Exercise aim. Find the line with "Pre-Owned Patek Philippe Calatrava 6119G-001" and the line with "HONEYWELL HOME RESIDEO" in the entries below; output exactly those two lines, every line between them, and no others.

Available records.
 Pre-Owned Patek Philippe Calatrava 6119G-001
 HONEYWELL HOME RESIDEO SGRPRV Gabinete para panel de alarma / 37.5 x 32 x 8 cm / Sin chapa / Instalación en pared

* * *

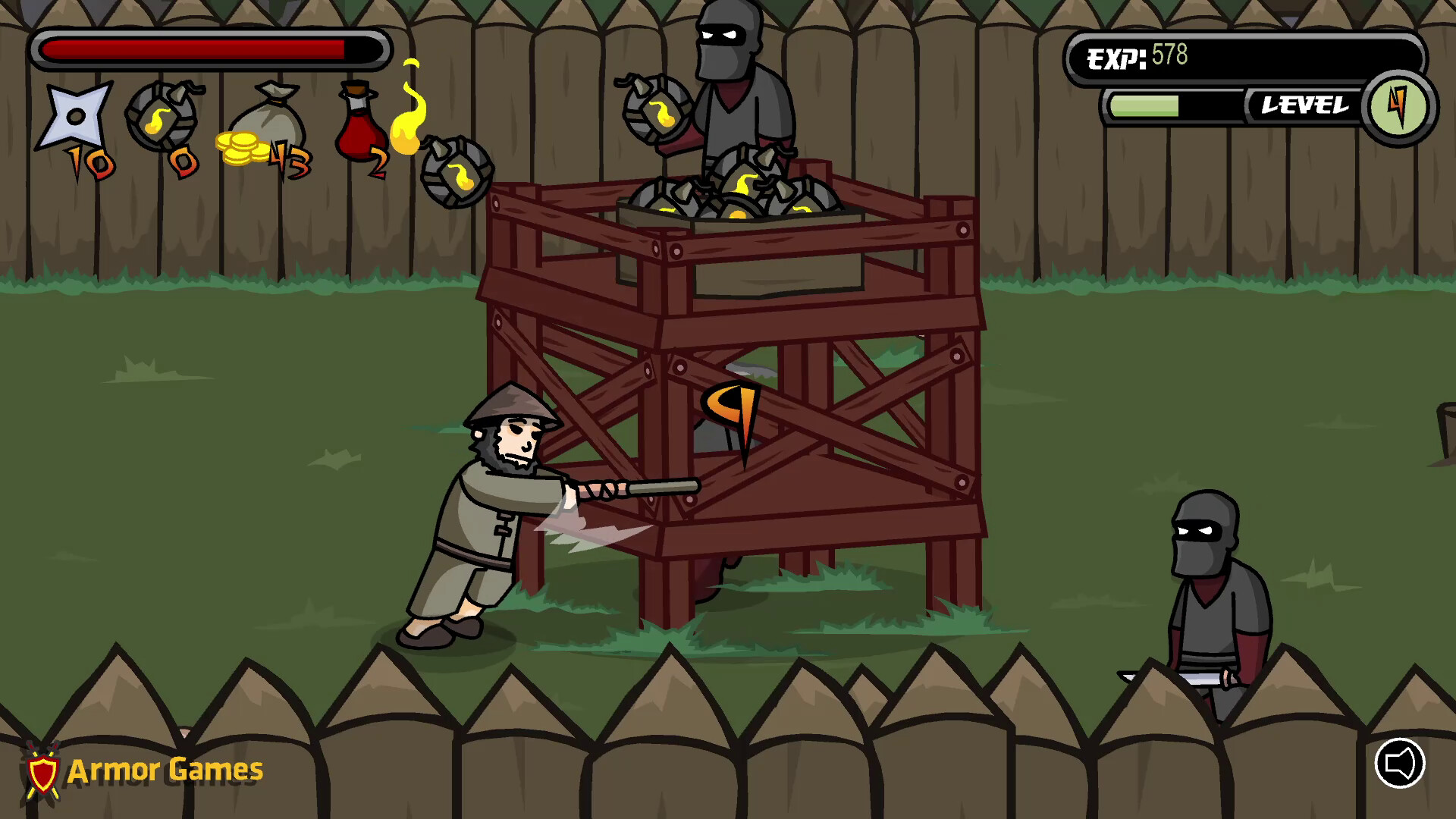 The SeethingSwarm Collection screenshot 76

==

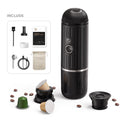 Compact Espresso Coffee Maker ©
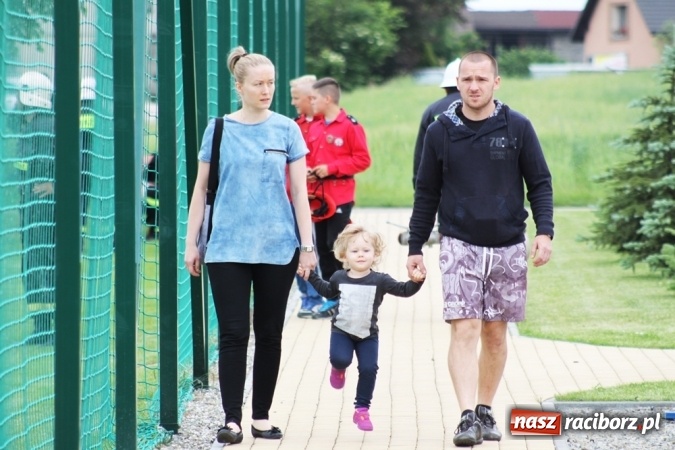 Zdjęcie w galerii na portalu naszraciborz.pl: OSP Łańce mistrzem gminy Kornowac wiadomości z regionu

The completed task.
 Pre-Owned Patek Philippe Calatrava 6119G-001
 HONEYWELL HOME RESIDEO SGRPRV Gabinete para panel de alarma / 37.5 x 32 x 8 cm / Sin chapa / Instalación en pared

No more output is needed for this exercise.